DATA SUPPLIED Block Start
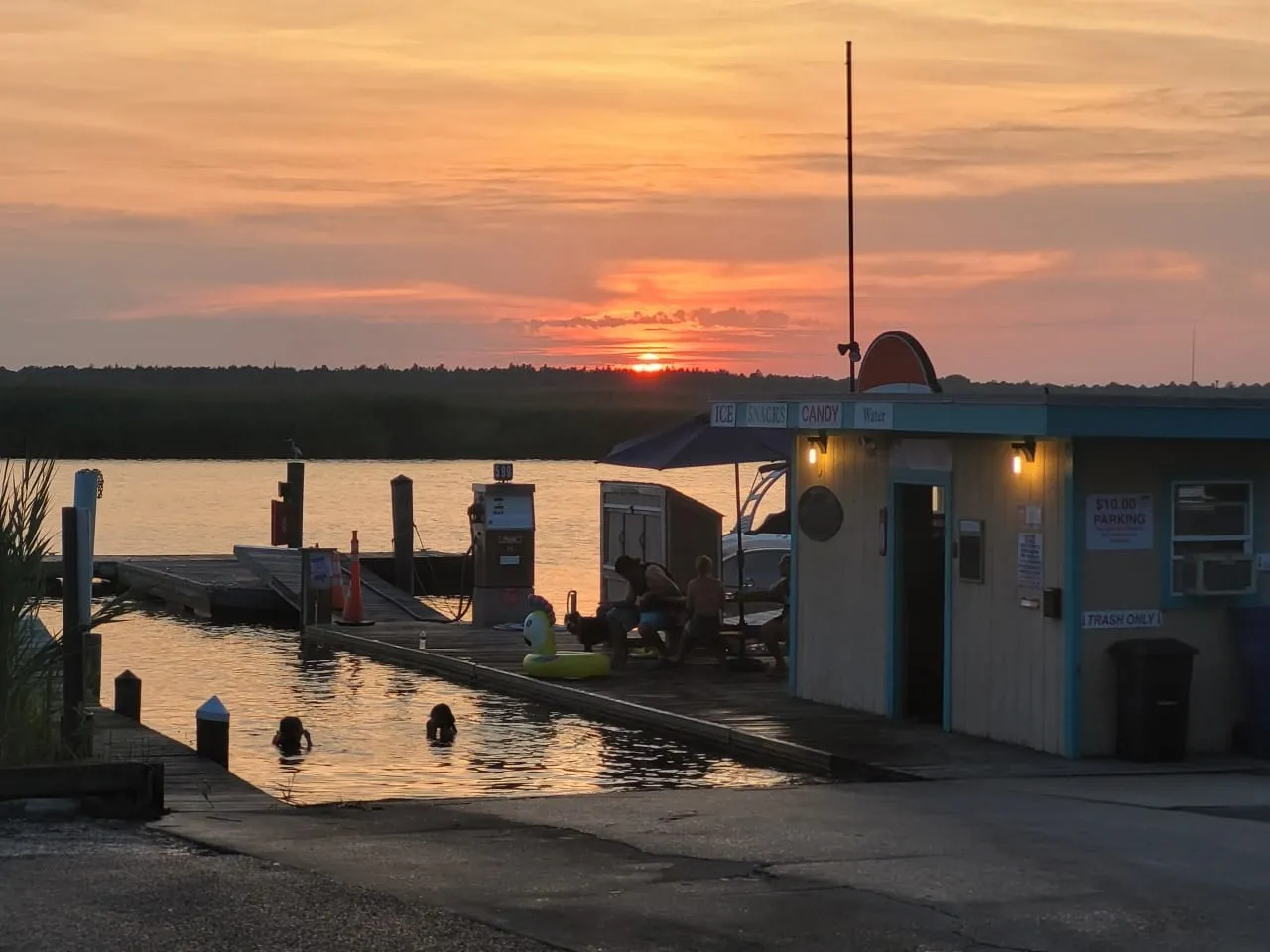 Snack shack and fuel dock at sunset at Shady River Marina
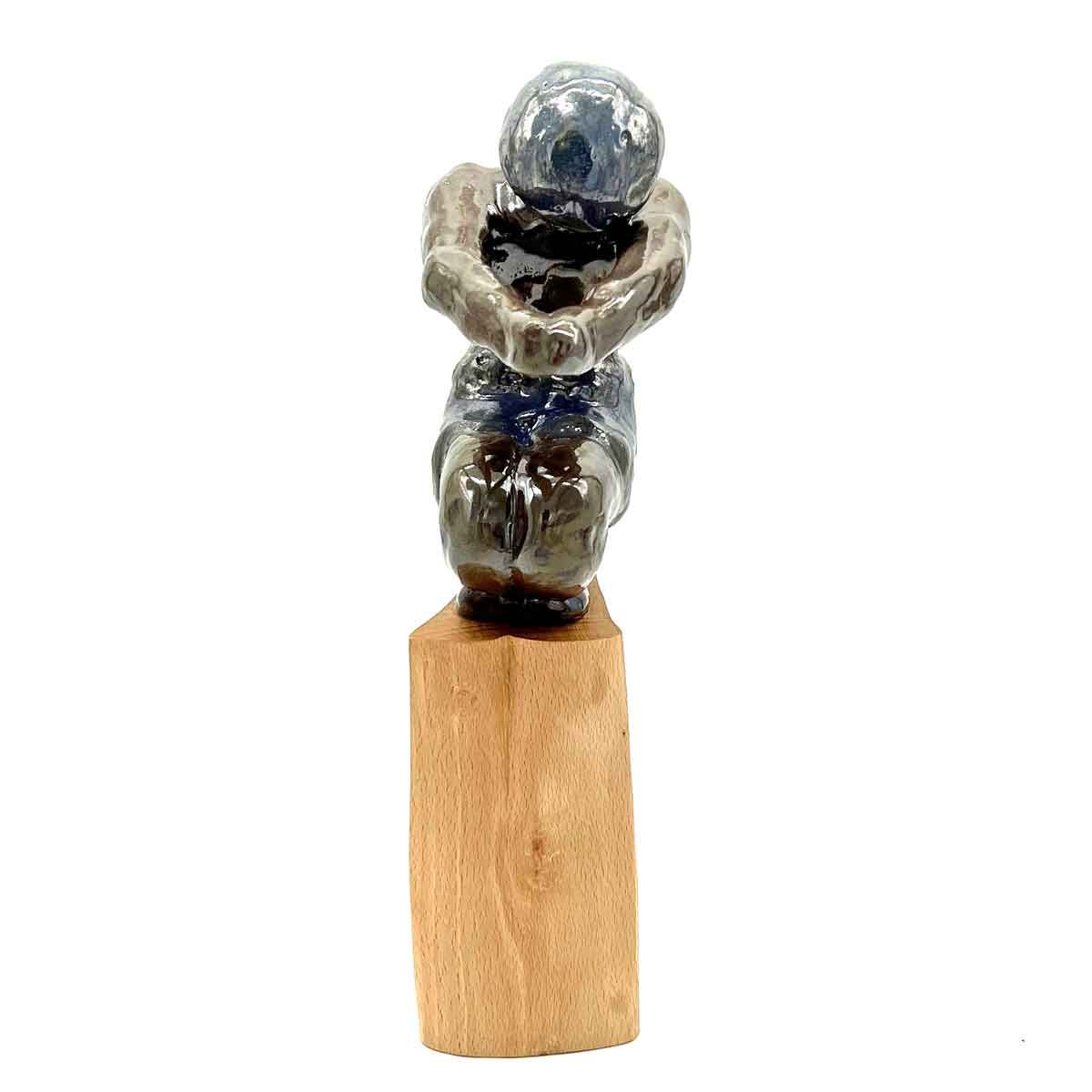 Kleine abstracte sculptuur bestaande uit gestapelde, glanzende, steenachtige vormen op een houten sokkel.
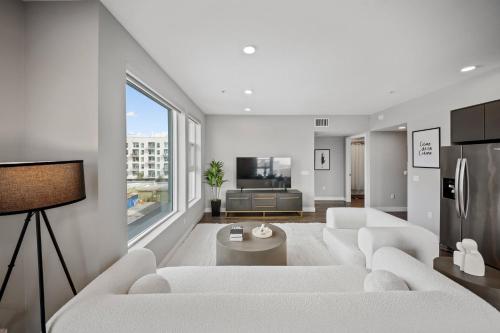a living room with white furniture and a large window at Modern Luxury Oasis in WEHO Hollywood Sign Views in Los Angeles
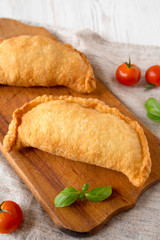 Homemade Deep Fried Italian Panzerotti Calzone on a rustic wooden board on a white wooden table, side view. Close-up.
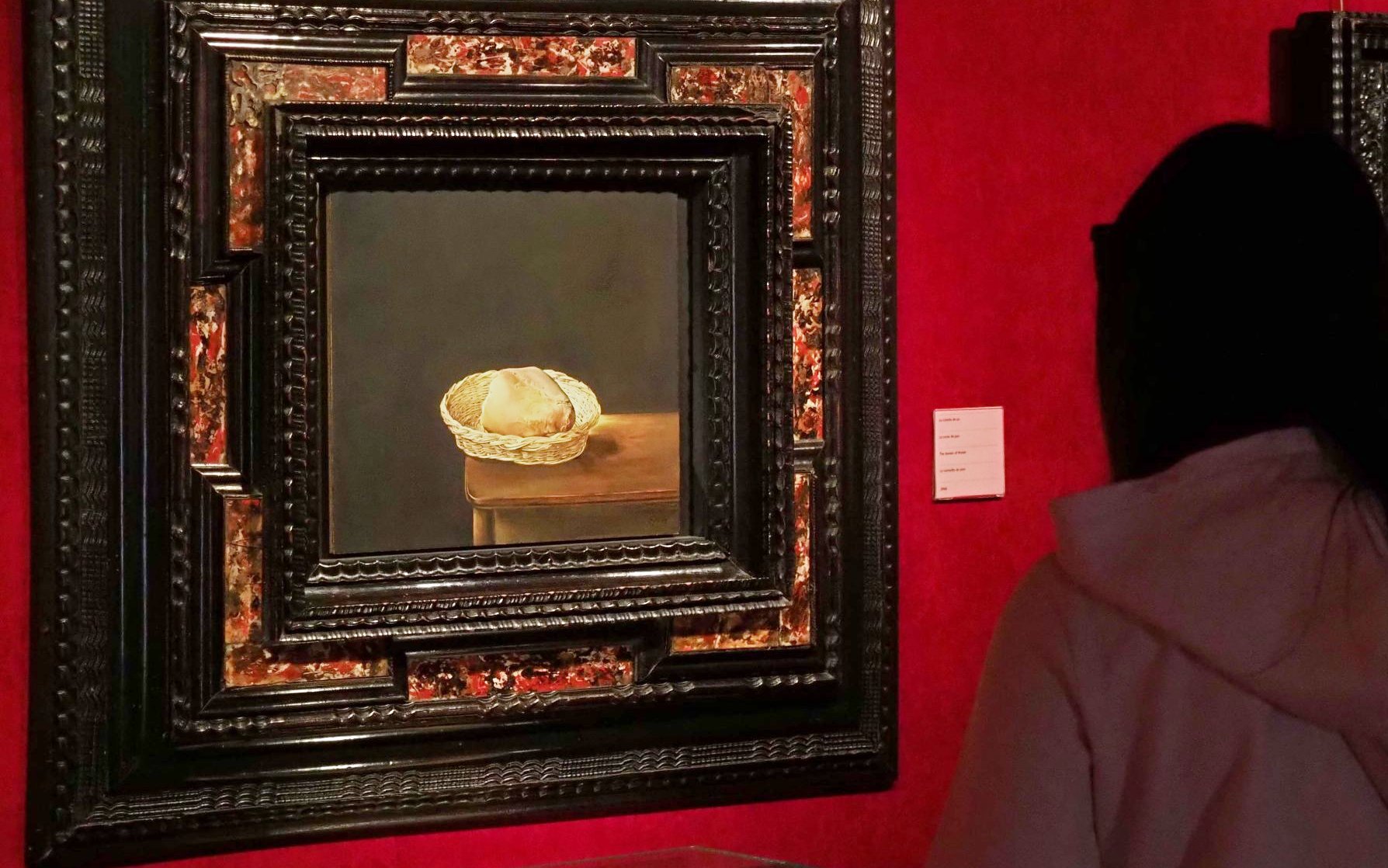 Basket of bread painting in ornate frame viewed by museum visitor.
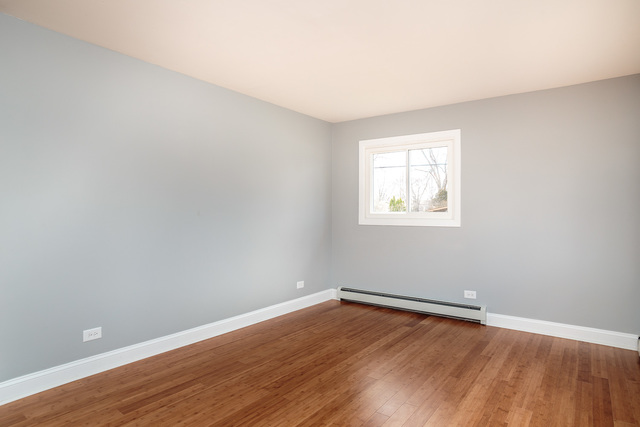 601 Highview Avenue Addison, IL 60101 - Photo 5 of 50 an empty room with wooden floor and windows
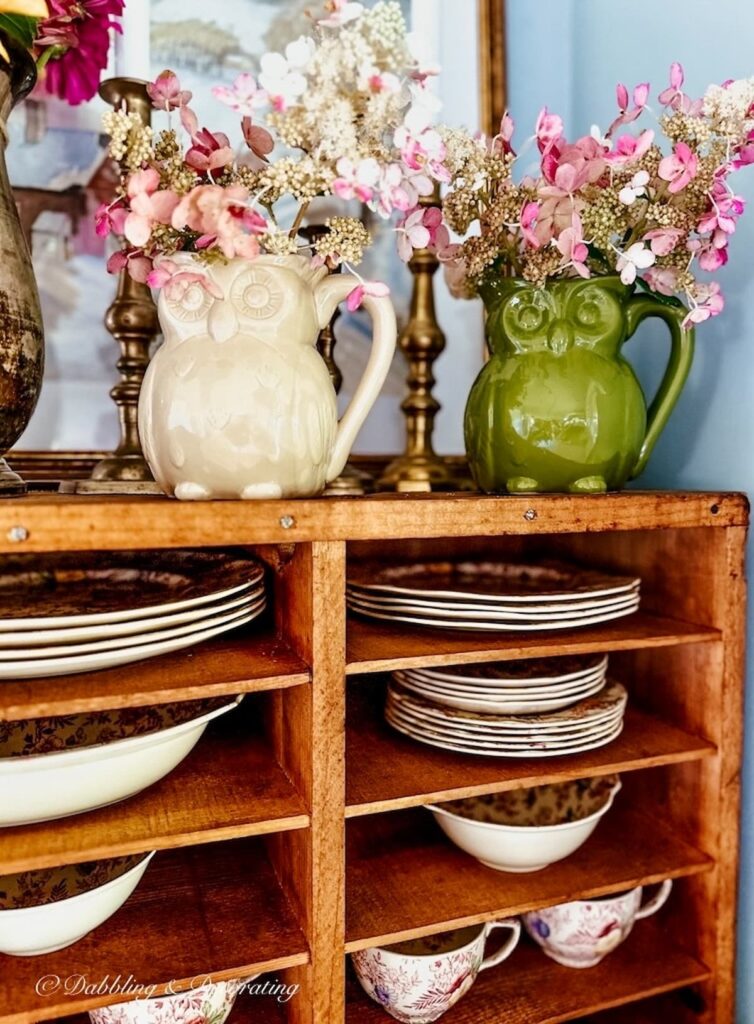 White and Green owl pitchers with pink flowers on top of vintage pie safe in kitchen corner.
DATA SUPPLIED Block End
*THE TASK:* To answer, repeat exactly the lines from the line containing "Basket of bread" through the last line of the data above, leaving out all pictures.

*EXERCISE RESULT:*
 Basket of bread painting in ornate frame viewed by museum visitor.
 601 Highview Avenue Addison, IL 60101 - Photo 5 of 50 an empty room with wooden floor and windows
 White and Green owl pitchers with pink flowers on top of vintage pie safe in kitchen corner.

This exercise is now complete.